> _What you have to do_: Under this line are records; the part from the line containing "куланги нар ва" through the line containing "Lexus ES300h (VII)" should be repeated exactly. Please exclude pictures.

> _Provided data_:
((
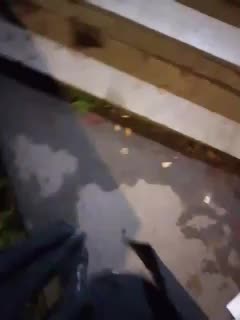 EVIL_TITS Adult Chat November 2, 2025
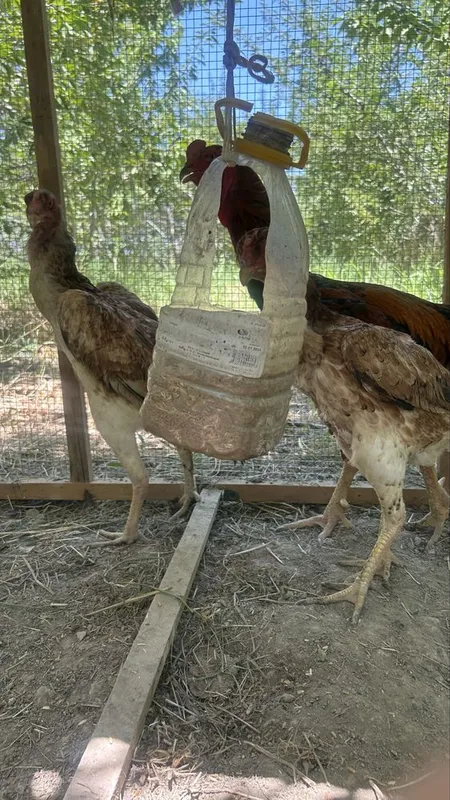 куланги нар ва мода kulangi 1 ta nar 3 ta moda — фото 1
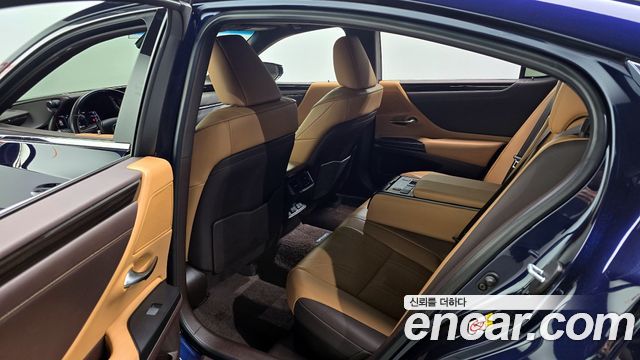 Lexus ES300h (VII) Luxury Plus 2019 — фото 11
))
((
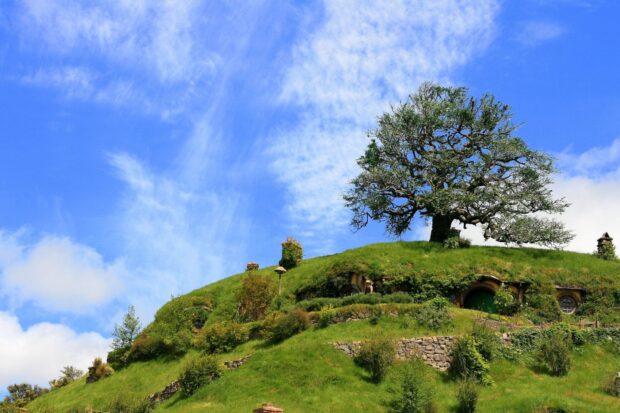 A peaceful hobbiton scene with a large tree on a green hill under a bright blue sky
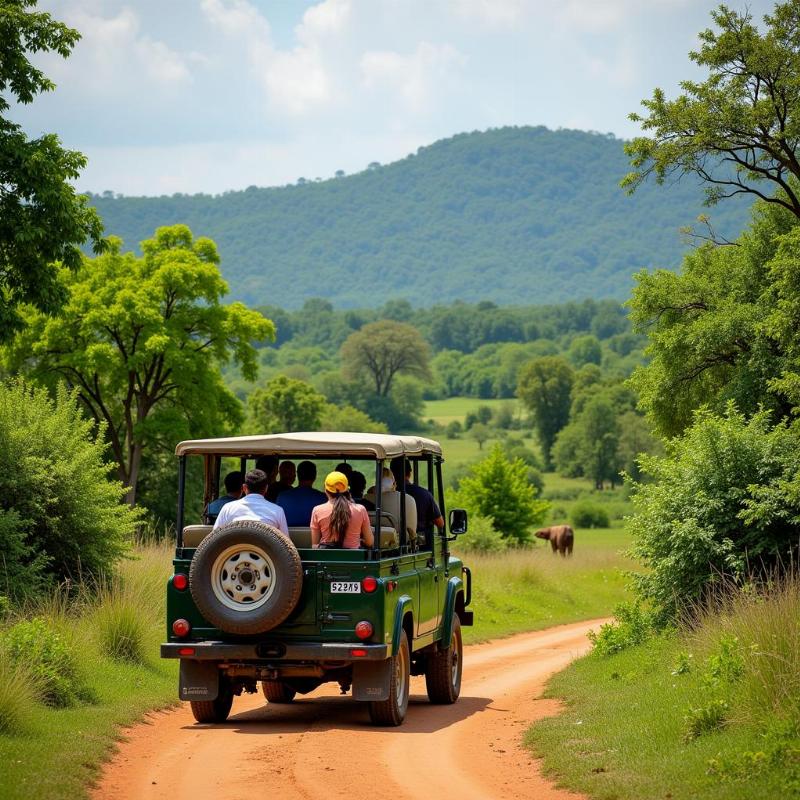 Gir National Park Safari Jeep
))
> _Output of the exercise_:
 куланги нар ва мода kulangi 1 ta nar 3 ta moda — фото 1
 Lexus ES300h (VII) Luxury Plus 2019 — фото 11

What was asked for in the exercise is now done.